FTX’s new CEO says he has never seen such a “complete failure” of corporate control
John Ray III, the new CEO of FTX’s cryptocurrency exchange, said the exchange’s complete absence of trustworthy financial information. He added that never in his career had he witnessed such a complete failure of company controls.
In a filing with the US Bankruptcy Court for the District of Delaware, John Ray III, “Never in my career have I witnessed such a complete failure of corporate controls and such complete absence of trustworthy financial information as here … from the integrity of compromised systems and faulty regulatory oversight abroad,” To the concentration of control in the hands of a very small, inexperienced, vulnerable group of individuals, this situation is unprecedented.”
Ray was appointed CEO of FTX within days of the company filing for bankruptcy protection.
FTX, once among the top five crypto exchanges in the world, is facing a liquidity crunch and its CEO Sam Bankman-Fried (aka SBF) has told investors that the company is facing a shortfall of up to $8 billion in withdrawals. He is requesting and needs emergency funding, according to the Wall Street Journal.
FTX CEO Sam Bankman-Fried said on Wednesday that without a cash injection, bankruptcy is likely. On the night of November 7th, in the midst of a liquidity crisis, Bankman-Fried was seeking to raise money from venture capitalists and other investors. FTX was earlier this year valued at $32 billion by private investors.

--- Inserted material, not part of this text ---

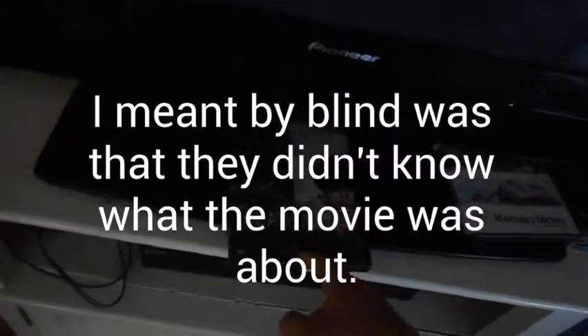Fans of Death Note, if you have not seen this movie, watch it — I really like it. My parents both saw it, they were completely blind going in, but they liked it. The second one's pretty good too. The third one, 'L: Change the World,' I just watched — that one's great as well.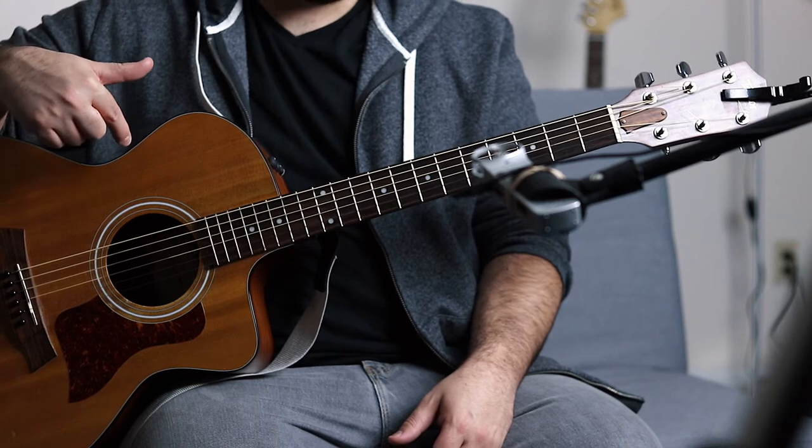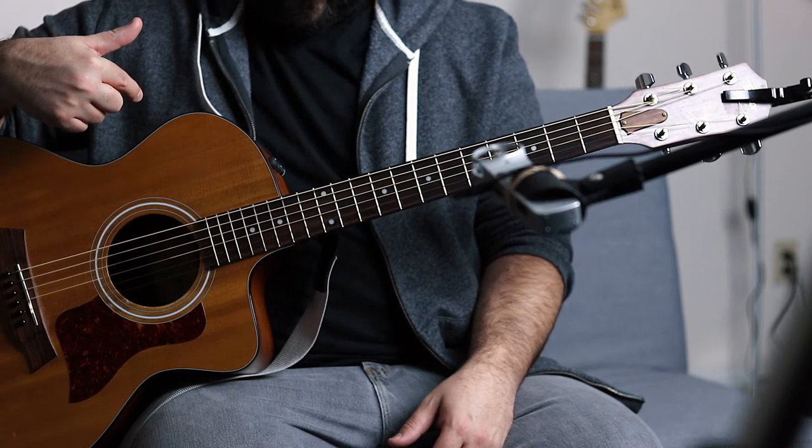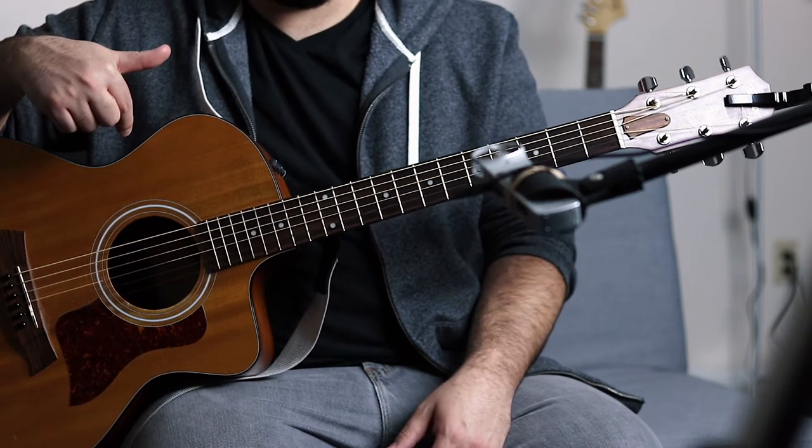It's about an $800 guitar or so, which is a lot of money, but in the world of high-end acoustic guitars it's definitely on the very, very low side. I love this guitar for worship leading. I love its tone — it sounds really good with a band and just kind of fits in very well.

As FTX CEO Bankman-Fried was reaching out to investors to raise funds, he also went to Binance, which is already a significant investor in FTX. Binance CEO Changpeng Zhao (aka CZ) agreed to the bailout and announced that he had reached a non-binding deal to buy non-US FTX companies for an undisclosed amount.
However, a day after the announcement, the CEO of Binance took a U-turn and said, “The issues are beyond our control or ability to help.” This reversal shook the cryptocurrency market as it signaled uncertainty in the crypto world.
In its statement, Binance said: “As a result of corporate due diligence, as well as the latest news reports regarding mishandled client funds and alleged US agency investigations, we have decided that we will not pursue the potential acquisition of FTX.com. Initially, our hope was to be able to support clients FTX to provide liquidity, but the issues are beyond our control or ability to help.”